Eccentric teenage years were spent soaking anything up to do with history and reading; I loved it!  I was obsessed with the royal family and was in love with the idea of London. All the books I read seemed to be set there, and of course, it was home to the British Royal Family. It was a dream that deep down I wanted so much to experience.  

But for a girl who couldn’t leave the house without her Mum at 16 years of age or even answer the phone, that dream seemed pretty impossible.

The road to recovery was long and hard and filled with many moments of amazing triumphs and frightening setbacks. But slowly I was beginning to live a life and being able to cope with my anxiety.

I’d been talking to my friend about going to London for over a year, but we could never get the dates right. In May 2017, I got fed up. I decided that I wanted to go on my terms and I booked a trip to the UK.

By.

My.

Self.

Of course, I was freaking out.

As the November date loomed closer, I thought of a million and one ways to get out of it. My most creative idea was the good old fashioned fall and leg break trick right before I left.  I wouldn’t be able to go, and I might get the money back from insurance, it was a win-win solution!

Panic attacks ensued and I was sure something horrific was going to happen to me overseas. I kept thinking ‘How silly am I to think I would be able to travel to a country I had never been to before all by myself?’ These thoughts kept playing over and over in my mind, but  I pushed through.

Finally, the big day arrived, dread-filled would be the way to describe it.

I am pretty stubborn, and I didn’t want to waste all that money I had already spent on the trip. Something inside me just knew I had to go. This was my motivator.

The flight was long but nowhere near as scary as I thought. People are kind, especially when you are a solo female traveler. But I was pleasantly surprised to see I wasn’t the only one. Young women taking on the world filled the flight. It was awesome.

As the flight descended into a gloomy and cold London evening, the pilot announced our arrival with ‘Welcome to London’ over the speaker. It was and will always be one of the most defining moments of my life.

I couldn’t believe it.

Everything I fought for, everything I went through, from the days thinking I wouldn’t survive the black beast that is anxiety, had finally paid off. I was actually in London… the magical city. A real-life Disneyland.  I couldn’t wait to explore.
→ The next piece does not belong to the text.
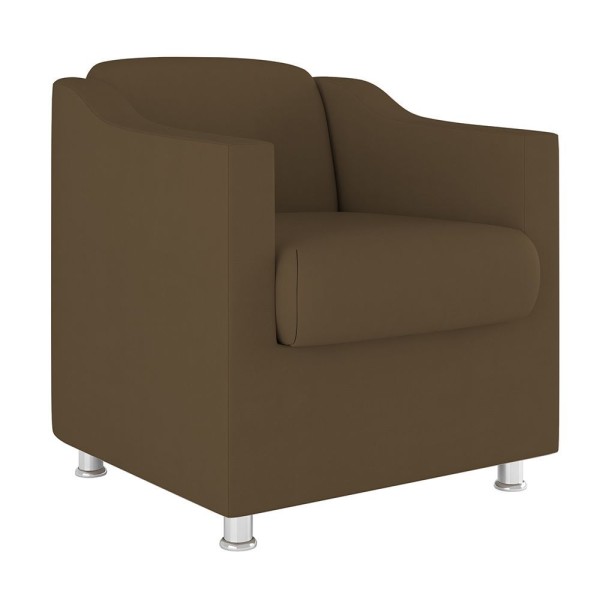 Encontraproduto.com.br - Kit 10 Poltronas Tilla Consultório Recepção Suede Balaqui Decor Cor:marrom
London was everything I expected and more. I saw Buckingham Palace, Kensington Palace, Hampton Court Palace and The Tower of London (I told you I was a royal nut!). I went up to Yorkshire and saw the home of my favorite writer, Emily Bronte.

London culture filled and exciting. Every train station had a bookshop, and every building was bursting with history. I caught the tube everywhere and felt like a real Londoner.
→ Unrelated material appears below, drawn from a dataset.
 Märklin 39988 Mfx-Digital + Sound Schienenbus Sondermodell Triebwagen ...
I could totally be free. I felt like I was completely alone in the world and yet I was in one of the busiest cities. I found myself so quickly when there was no one else to talk with.

I got to know myself in a way I had never been able to before, and I realized that I am pretty impressive and strong. It was the best week of my life.

I believe that if you are lucky enough to be able to do it, that every young person should travel by themselves somewhere.

I totally had to rely on myself. There was literally no one else to lean on for support. And I had to grow up super quickly.

It could be the most terrifying thing you will ever push yourself to do. But it will also be the most liberating. I promise you’ll come back a more grounded, mature and all-round better person. You will find yourself in ways you have never encountered yourself before.

I came home a different person. Things that worried me don’t worry me anymore. I found new parts myself. Great parts. I think that is the most awesome thing you can do.  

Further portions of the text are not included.